L’apertura al dibattito culturale e normativo
Ovviamente non stupisce come una simile richiesta, oltre ad aver destato innumerevoli perplessità e soprattutto critiche da parte di numerosi esperti di proprietà intellettuale, abbia al contempo aperto la strada a molti quesiti tutt’altro che banali.
Si fa riferimento in particolare alla problematica inerente allo status giuridico delle macchine, alla loro responsabilità, a quella di coloro che le utilizzano. Non bisogna dimenticare che un elaboratore opera sempre seguendo algoritmi, ovvero sequenze di prescrizioni create dall’uomo. Ciò, tuttavia, non esclude a priori che un software di IA possa agire in modo imprevedibile: anzi questo scenario diviene probabile qualora l’algoritmo contempli variabili e meccanismi di combinazione sempre più numerosi.
Inoltre, come anticipato, l’IA è destinata ad avere un enorme impatto sulle categorie logiche della proprietà intellettuale. Ci si chiede, quindi, a chi occorre attribuire i relativi diritti qualora l’invenzione in questione sia creata da un sistema di IA su incarico di un soggetto diverso dal proprietario dell’IA. Chi godrà dei relativi benefici economici, l’ente giuridico che ha scritto l’algoritmo o colui che detiene la titolarità della macchina? E, ancora, in caso di programma basato su una rete neurale, se non può essere l’IA l’“inventore”, tale qualifica spetta di diritto al programmatore o all’addestratore del sistema?

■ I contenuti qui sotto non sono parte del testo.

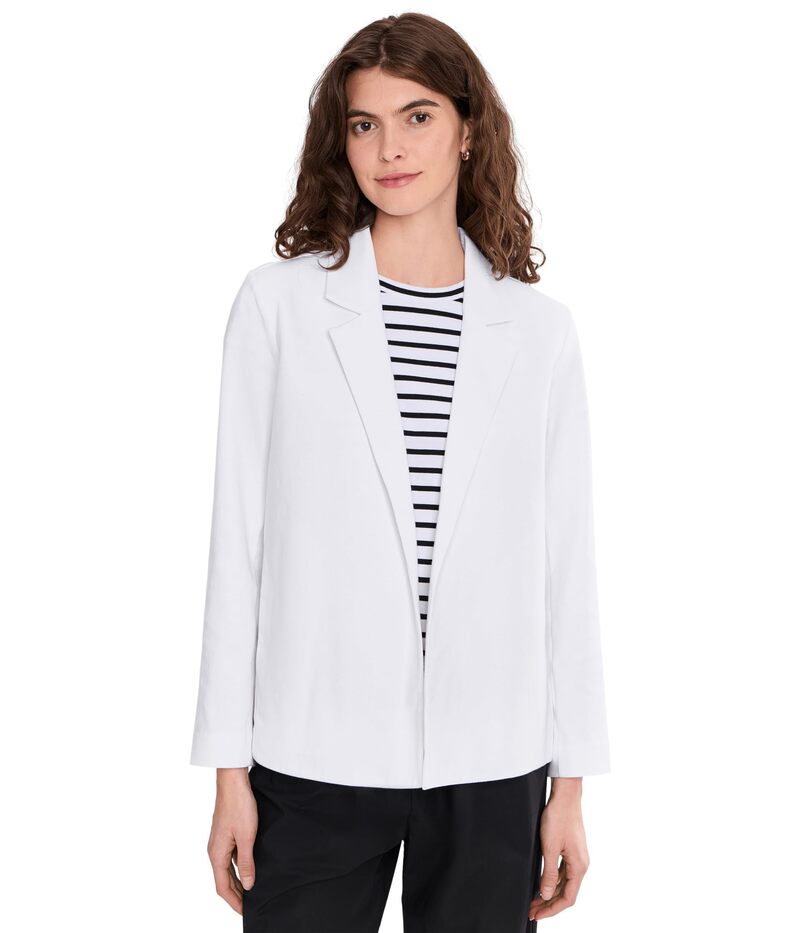 エイリーンフィッシャー レディース アウター 厚地の外套 綿織物 スポーツジャケット Eileen Fisher Cotton Blend Ponte Blazer White 白いこと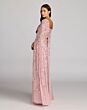 Mac Duggal 9923068P Rose Pink Cape Sleeve Square Neckline Dress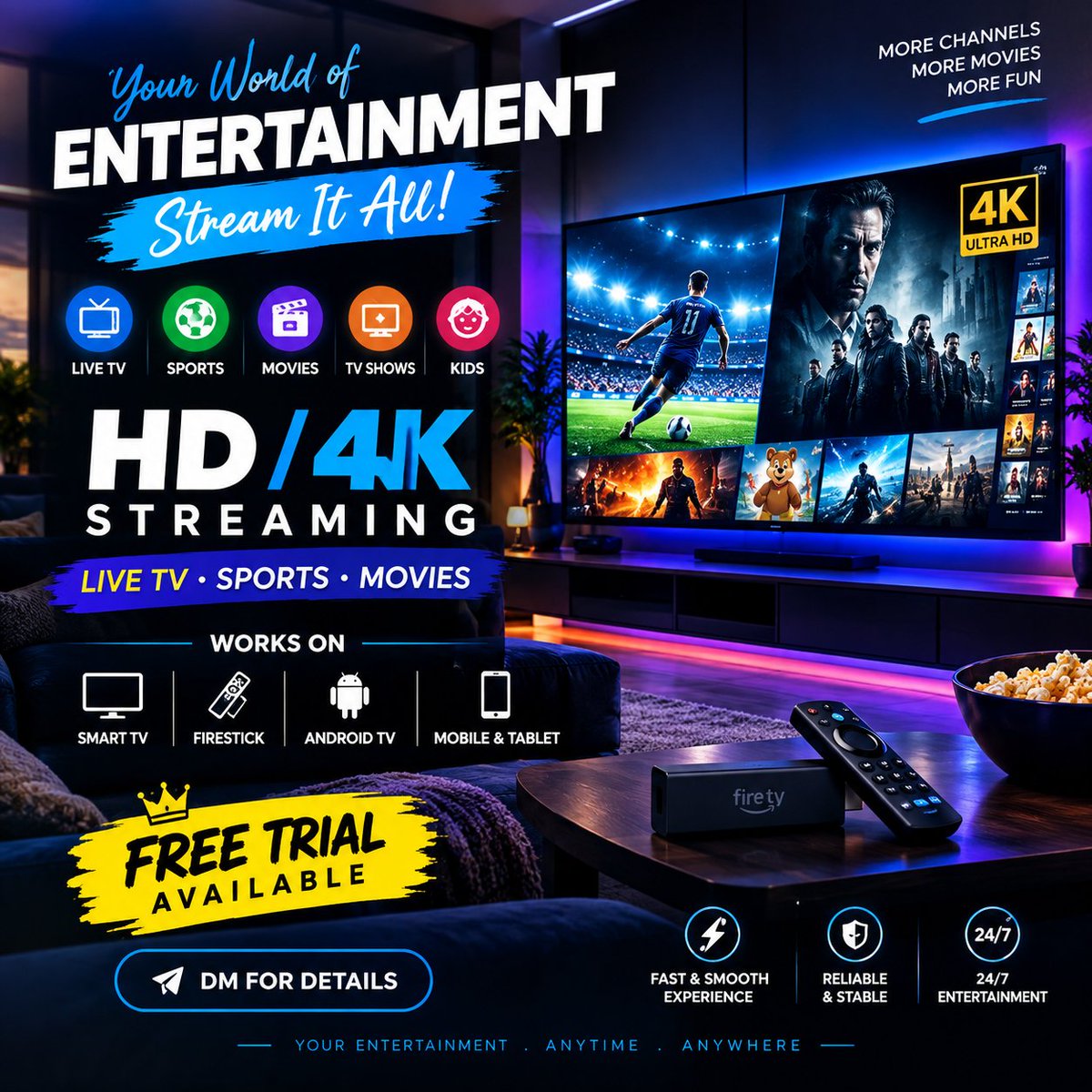 Garofalo12's tweet photo. 🔥 Your Entertainment. Your Way.
📺 Live TV • ⚽ Sports • 🎬 Movies &amp; Shows
✨ HD / 4K Streaming
🔥 Works on Firestick, Smart TV, Android TV &amp; more
🚀 Fast &amp; Smooth Entertainment
🎁 FREE TRIAL AVAILABLE
📩 DM now for details!
https://t.co/h8AWkvKVtG https://t.co/ourb8q4ev3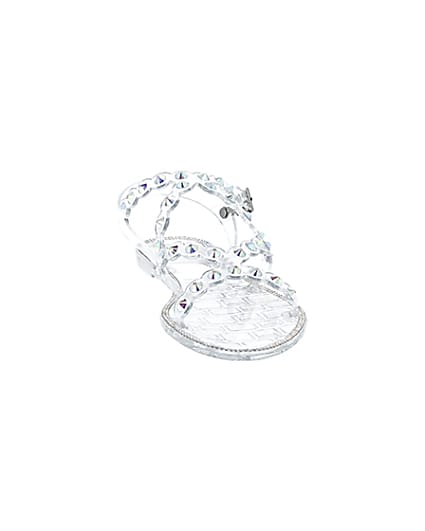 360 degree animation of product Clear diamante jelly sandals frame-20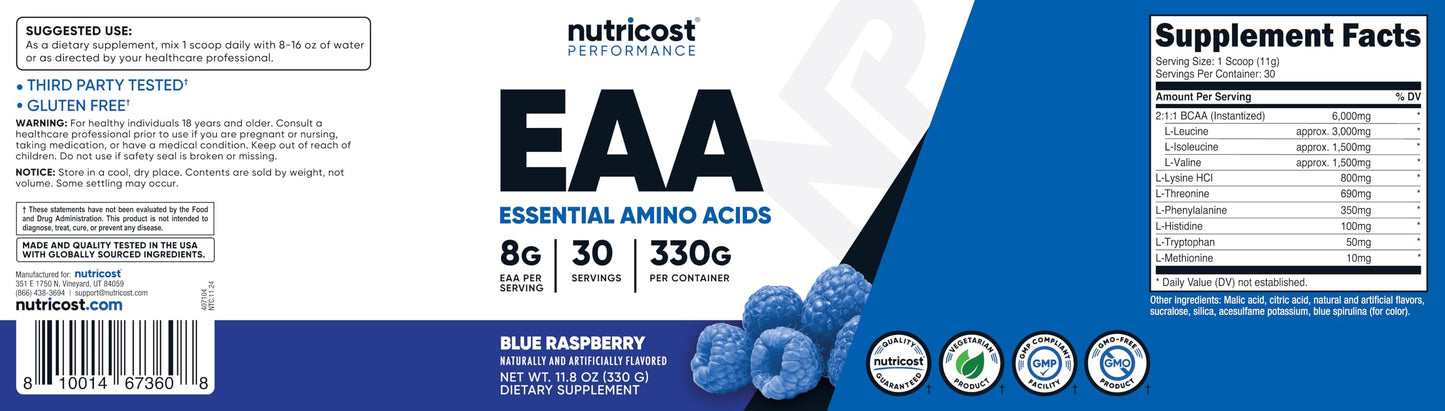 Nutricost EAA Powder 30 Servings Blue Raspberry, 11.6 oz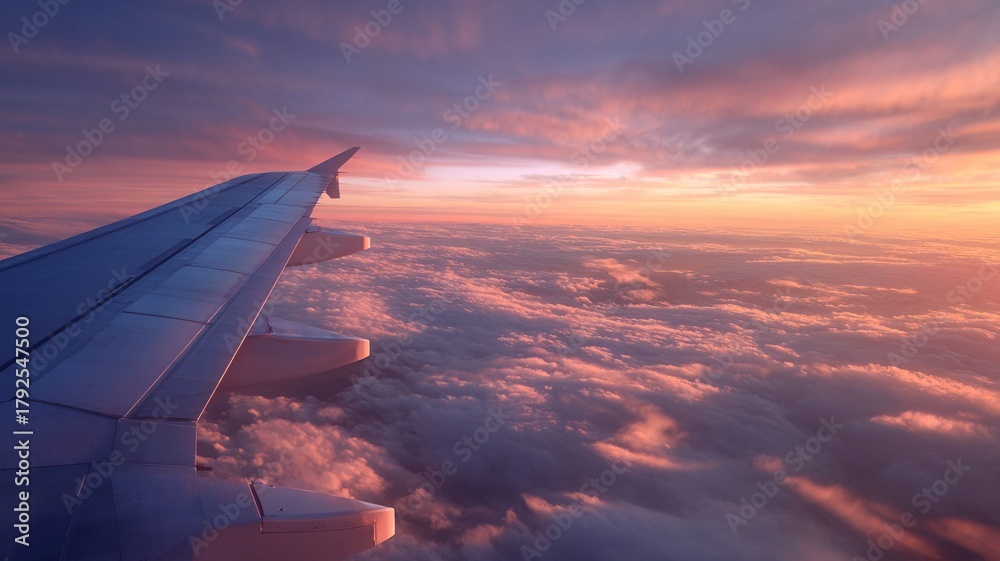 Obraz premium Sunset view from an airplane window overlooking soft, glowing clouds. Perfect for themes of travel, inspiration, adventure, aviation, and peaceful sky landscapes.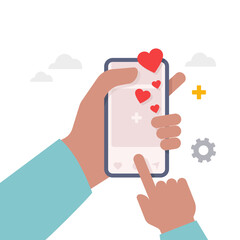 Hand holding smartphone with social media app illustration.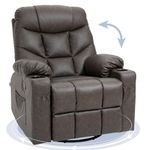 HOMCOM Recliner Armchair, Swivel PU Leather Manual Reclining Chair with Adjustable Leg Rest, Drink Holders, Side Pockets, for Home Living Room, Cream White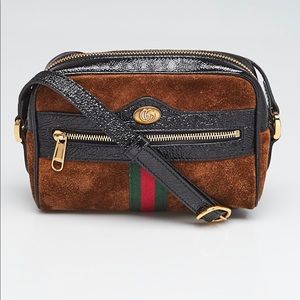 Gucci Brown Suede/Black Crinkle Patent Leather Mini Ophidia Crossbody Bag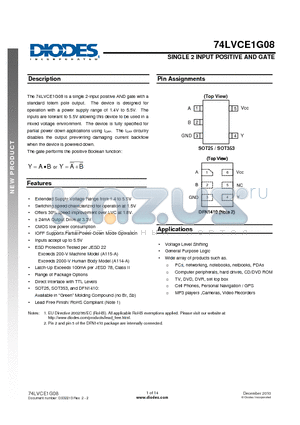 74LVCE1G08FZ4 datasheet - SINGLE 2 INPUT POSITIVE AND GATE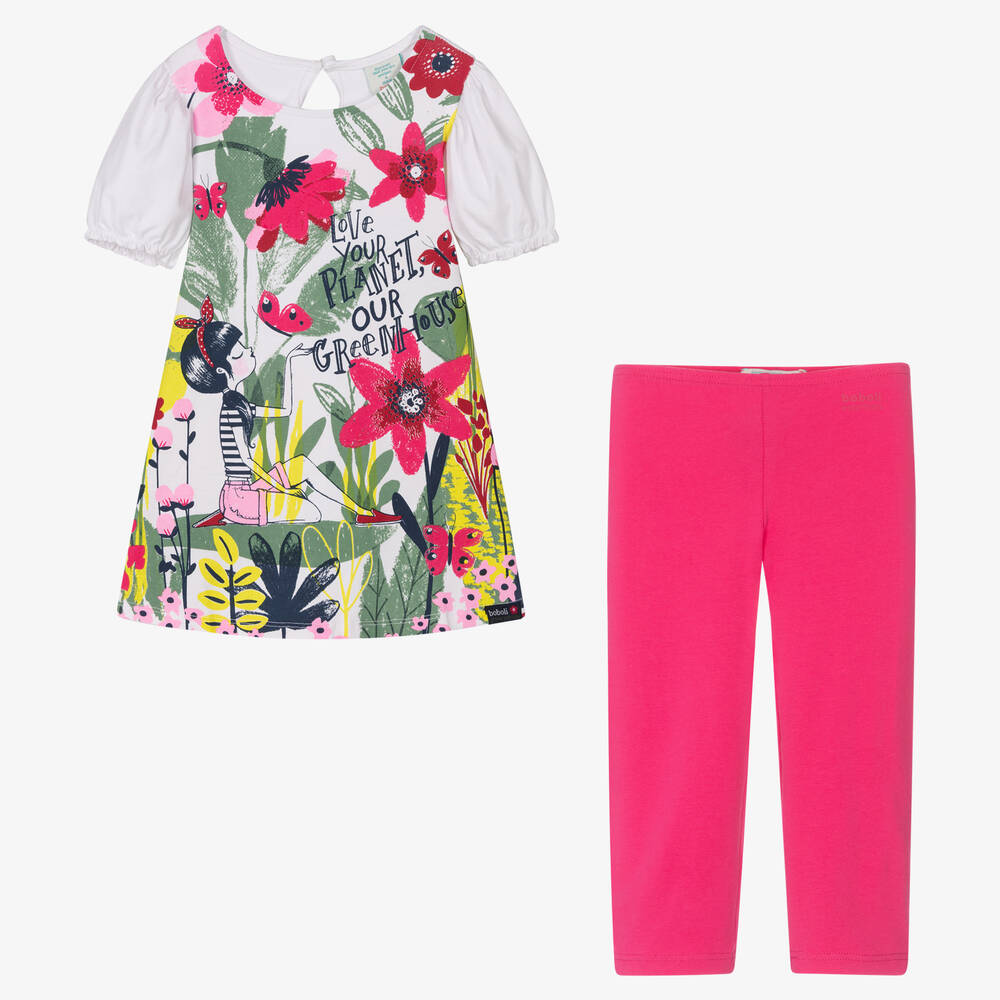 Boboli-Girls Pink Floral Cotton Dress & Leggings Set | Childrensalon Outlet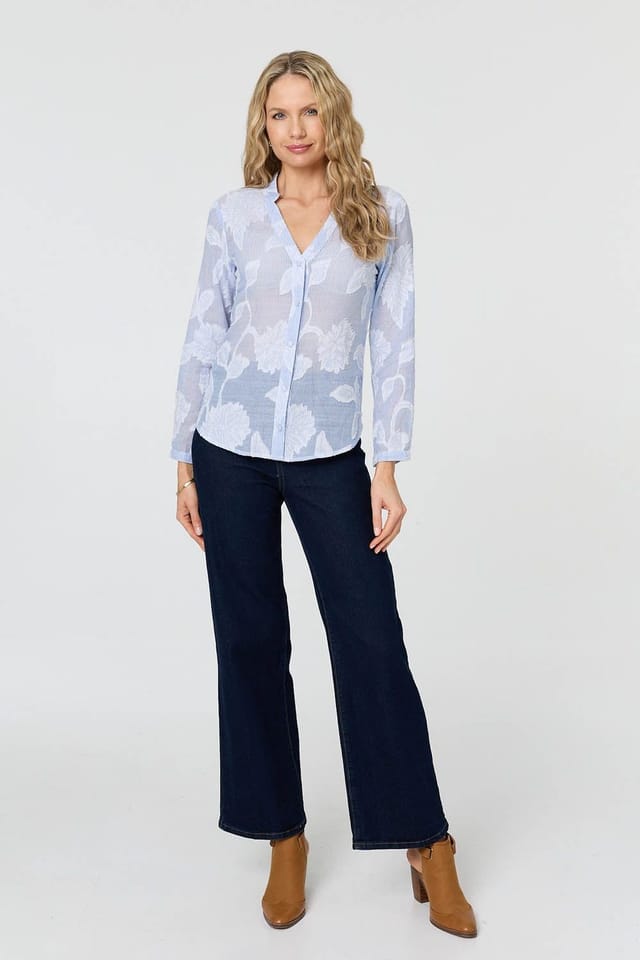 Izabel London Izabel London Women's Floral Textured Long Sleeve Slim Shirt in Blue - 2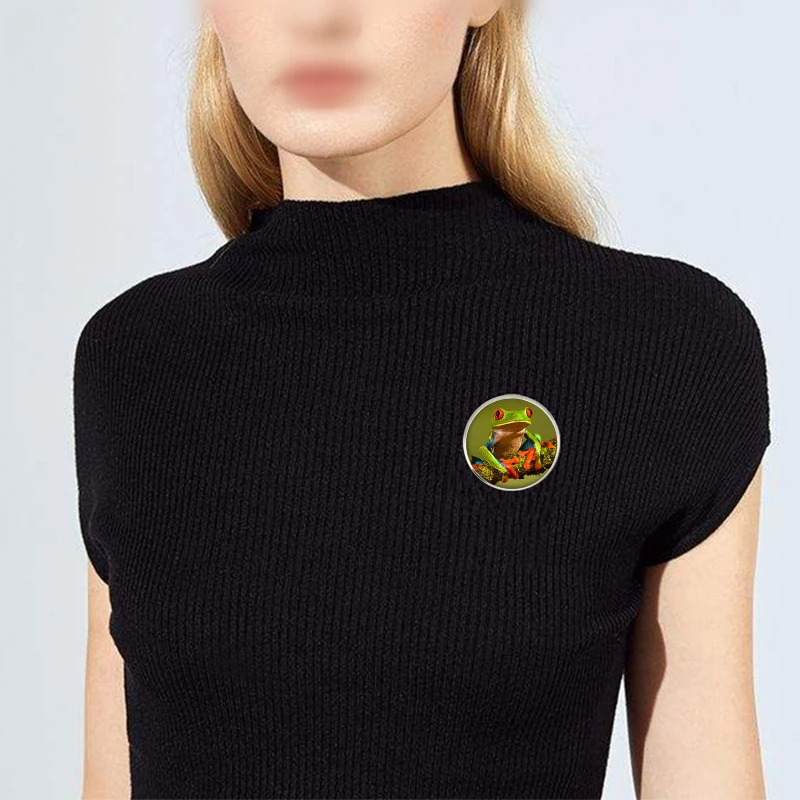 Симпатичные тройник Лягушка на заказ фото стеклянный конусообразные Броши день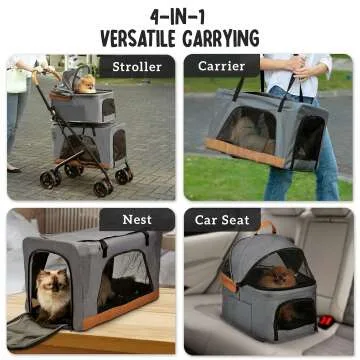 Double Pet Stroller for 2 Dogs or Cats - Easy Assembly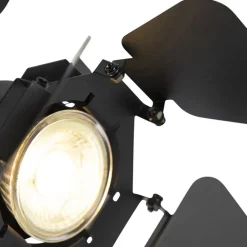 Industriele studiospot zwart GU10 met kleppen - Movie
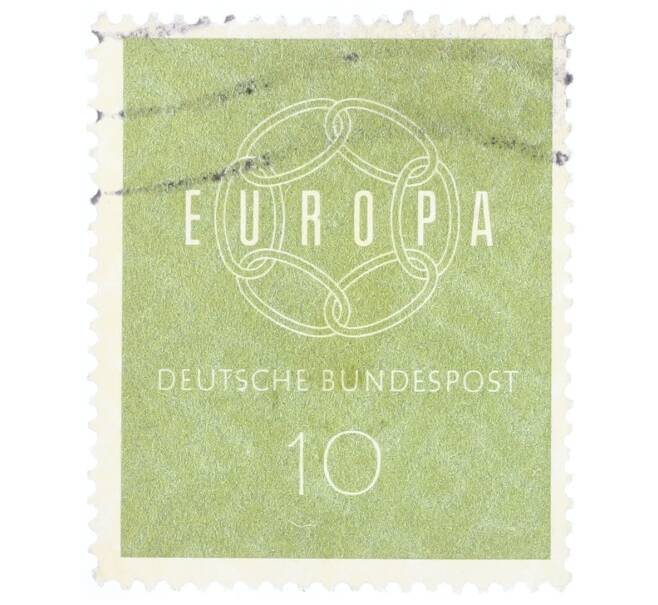 Почтовая марка 10 пфеннигов 1959 года Западная Германия (ФРГ) «Европейская конференция администраций почтовых служб и служб связи CEPT — Цепь» (Артикул: T11-35336) — Фото №1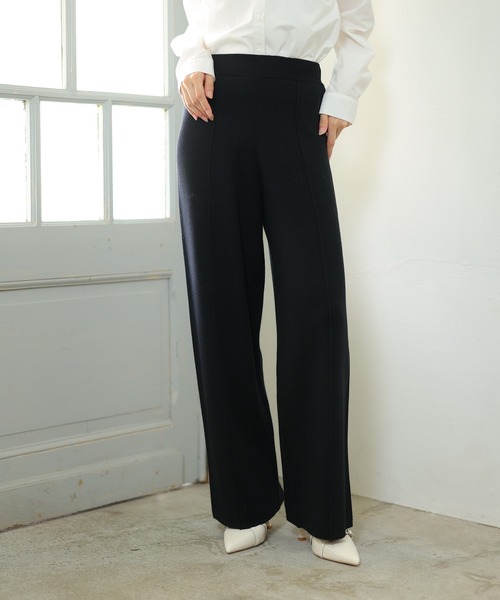 MARY QUANT(マリークワント)の「センターシームニット パンツ(スラックス・レディース・ブラック/ボルドー/モカ・M)」の5枚目の写真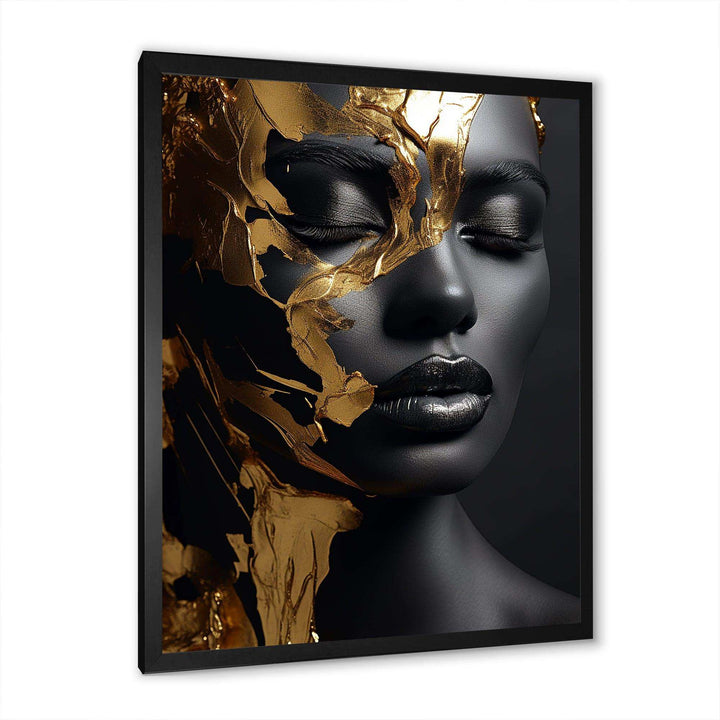 Black and gold Gilded woman Photo III - Fashion Canvas Wall Art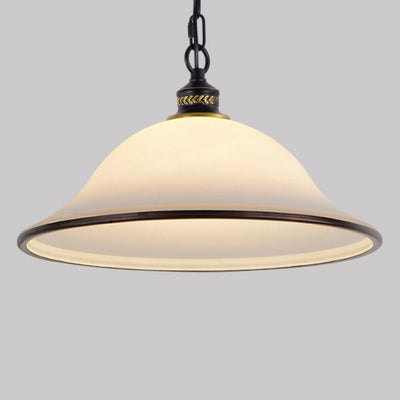 Vintage European Frosted Glass Cone 1-Light Pendant Light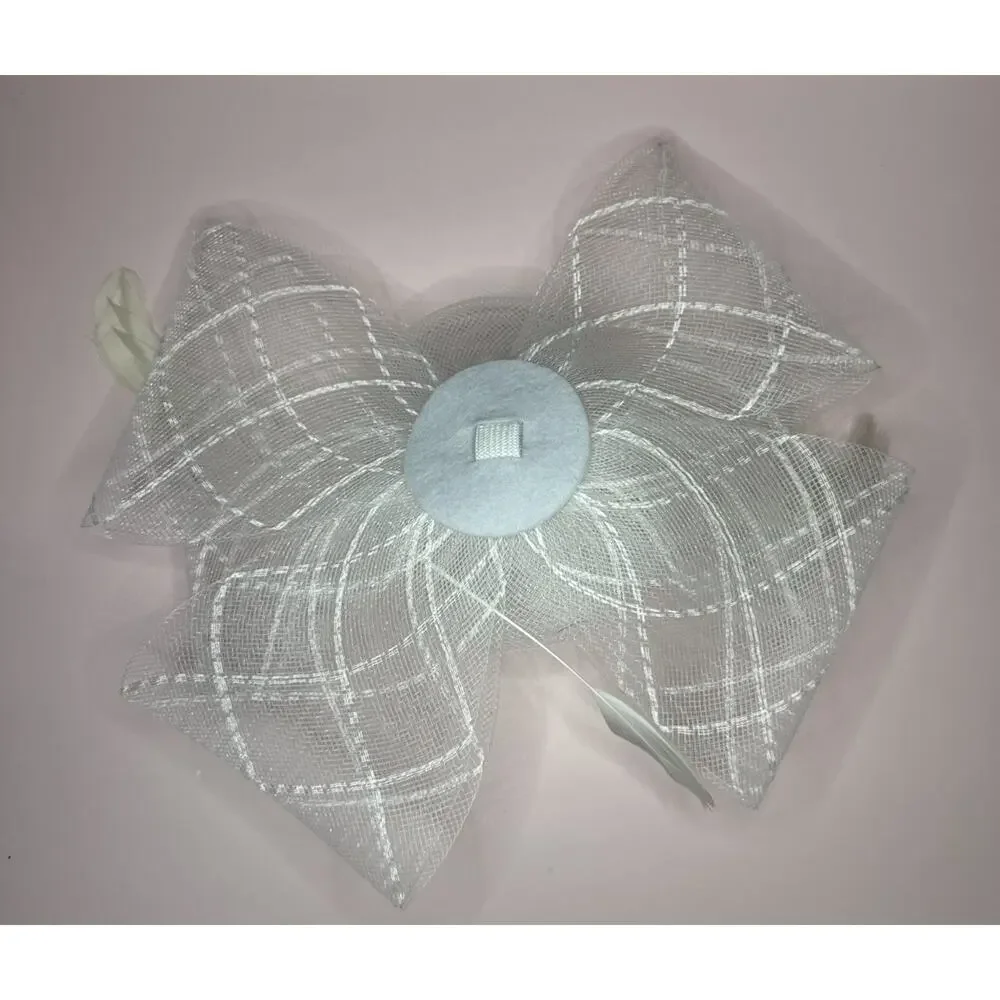 Floral Organza Mesh Ribbon Fascinator White
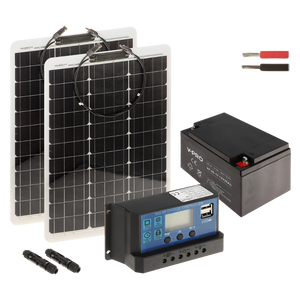 UMA SOLAR-KIT-260B50-20F complete zonne-energie kit met 12V 26Ah accu,  snoer,  2x 50W flexibel zonnepaneel en controller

Un’altra sfida di particolare importanza nel campo delle invenzioni realizzate da IA concerne la delimitazione di ciò che è brevettabile e ciò che non lo è per mancanza di novità. Infatti, molte invenzioni delle IA coinvolgono l’utilizzo di algoritmi che, alle volte, possono essere difficili da distinguere rispetto a quelli che sono di pubblico dominio. Per sopperire a vuoti legislativi l’USPTO (United States Patent and Trademark Office) per esempio provvede alla costante pubblicazione di linee guida che possono aiutare meglio gli inventori in sede di tutela brevettuale. In mancanza di indicazioni più specifiche occorre comunque attenersi al dettato normativo: è necessario che l’invenzione sia nuova, implicante un’attività inventiva e suscettibile di applicazione industriale. Sussistendo tali presupposti nessun Ufficio può avere interesse a negare la concessione di un brevetto di IA, in ragione del fatto che lo sviluppo di sistemi di intelligenza artificiale oggi è essenziale per proteggere l’innovazione e per promuovere il progresso tecnologico.
Ad ogni modo, atteso l’elevatissimo numero di questioni giuridiche irrisolte in questa materia, la sfida futura consisterà nell’esaminare come le legislazioni dei vari paesi e la giurisprudenza faranno fronte a questo fenomeno dirompente.
Considerazioni
A monte di tutte le considerazioni di cui sopra, una risposta al quesito “l’IA può inventare?” può ravvisarsi nella definizione stessa di brevetto di cui all’art. 45 c.p.i. “invenzioni di ogni settore della tecnica, che sono nuove e che implicano attività inventiva e sono atte ad avere un’applicazione industriale”, quindi il brevetto altro non è che la soluzione ad un problema tecnico. Ma chi pone in essere il problema? La risposta è semplice: l’uomo. Dunque, così come un’IA oggi può essere in grado di realizzare in autonomia una sinfonia, un dipinto, o un testo musicale, in base all’apprendimento delle espressioni degli artisti, allo stesso modo la macchina è in grado di creare un oggetto brevettabile qualora venga alimentato da informazioni tecnico-scientifiche provenienti dall’uomo, il quale, quindi, non potrà che essere il soggetto di riferimento dell’invenzione. Infatti, l’uomo ha qualcosa che la macchina non potrà mai avere e che, per fortuna, rende l’essere umano insostituibile in ogni campo in cui l’IA è in grado di intromettersi: l’esperienza. Mentre l’uomo elabora esperienze, l’IA riconosce dati o elabora esperienze trasmessegli dall’uomo.